Curran said she is careful to acknowledge her connection to clients when it's required. All online marketers have to walk a fine line when they work the blogosphere. Federal Trade Commission rules require them to identify their roles when they're making a point on behalf of a client, but if they're gossiping about the latest episode of "Desperate Housewives" they can legally be as anonymous as anyone else.

The New Media Strategies employees are young, self-identified tech geeks whose goal is to know the Internet inside and out -- an increasingly daunting task as hundreds of new blogs and Web sites crop up every day. They try to stay a few strides ahead of online developments -- or at least only a step or two behind.

"The Internet used to be our oyster," Curran said of the days just a few years ago when there were only chat rooms and message boards to monitor. "It still is, but we have to reassess the things we pay the most attention to."

New Media Strategies' entertainment practice was the first to take off; Hollywood has long been willing to spend money to influence the online world. Over the past few years, Coca-Cola, Burger King, AT&T, Dodge and Ford joined the client roster. Most recently, public affairs has become the fastest-growing area for the company.

"Before, we could barely get a politician to spend money on a Web site, let alone a massive Web campaign," Snyder said from his Arlington office. "The world across the river is waking up to this."

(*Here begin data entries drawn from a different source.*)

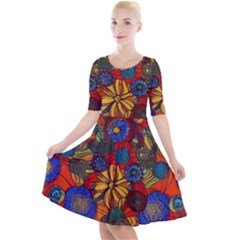 Mid Century Retro Floral 1970s 1960s Pattern 69 Quarter Sleeve A-line Dress by violetheavensky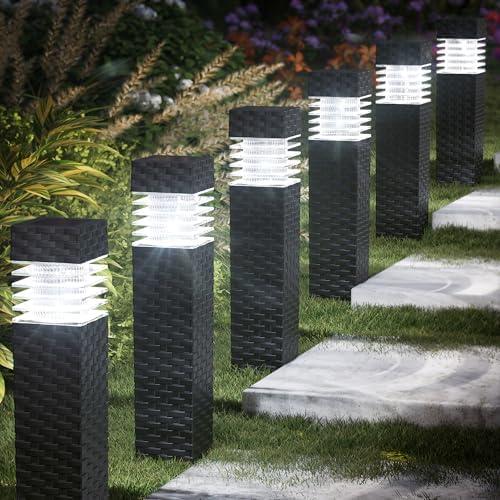 Jyoiat 6 Pack Solar Pathway Lights - Solar Powered Outdoor Walkway Light Solar Garden Lights for Lawn, Path, Yard Decor (Cool White)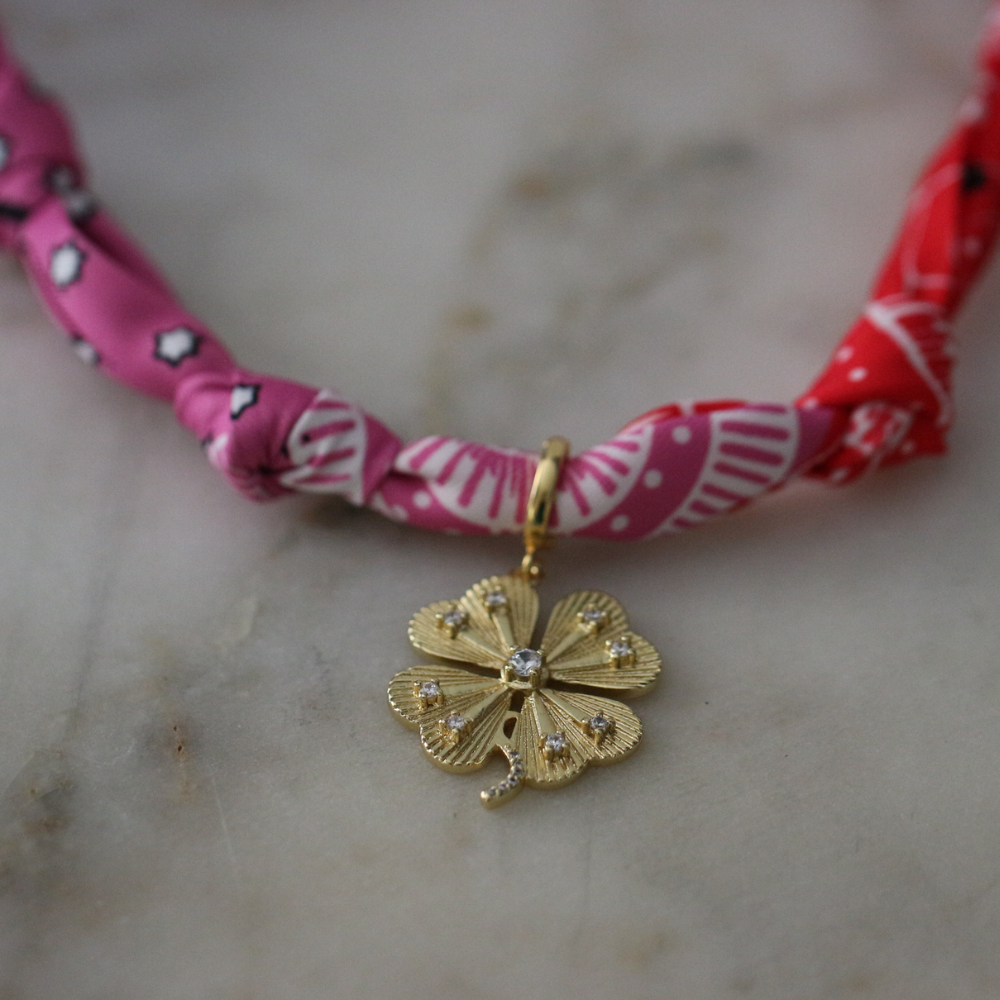 Lucky Charm Scarf Necklace - Horseshoe Pendant Charm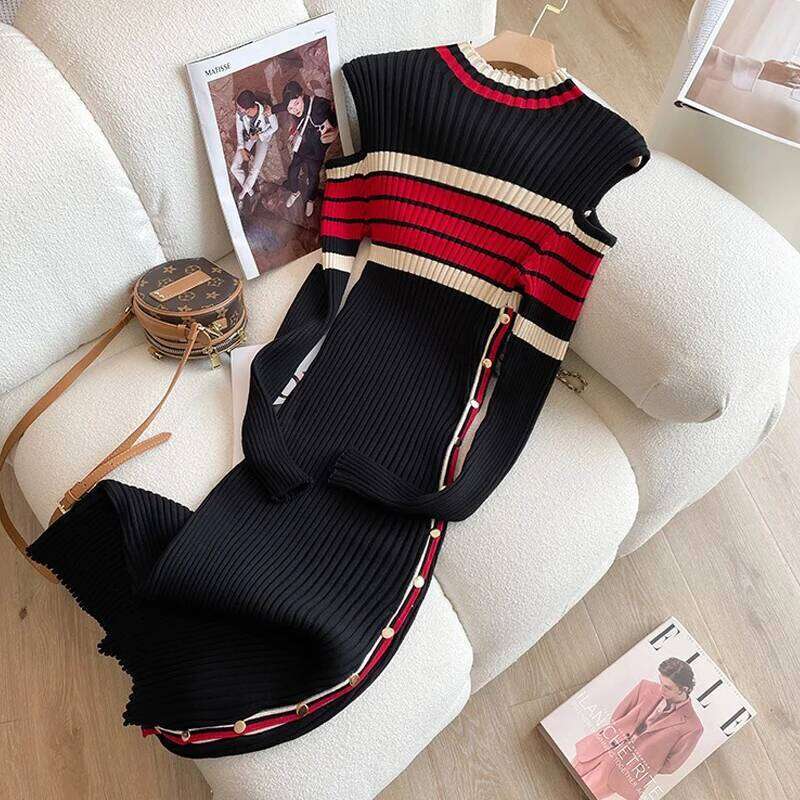 YuooMuoo 2025 Autumn Winter Women Knit Sweater Chic Fashion Cut Out Shoulders Long Sleeve Bodycon Lady Office Dress Z260314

So are buyers and investors. Media companies are starting to show strong interest in adding interactive firms to their portfolios, said Seth R. Alpert, managing director of AdMedia Partners, a New York investment bank that facilitates deals between advertising and marketing companies. AdMedia represented New Media Strategies in its recent acquisition.

"Serving advertisers is now seen as being more broad than putting ink on paper or building Web sites," Alpert said.

British marketing giant WPP Group, which includes established advertising firms Ogilvy & Mather and Young & Rubicam, has acquired several interactive-media firms. Nielsen Media Research combined three online-research companies to create Nielsen BuzzMetrics, which analyzes online markets.

In the Washington area, private investors recently put money into another start-up -- Clarabridge, a Reston company whose software crawls Web sites, recording what people say about specific products or brands and tabulating the occurrence of positive or negative words to help clients assess their cyberspace images. For example, it tracks recommendations and criticisms about certain airlines on travel sites.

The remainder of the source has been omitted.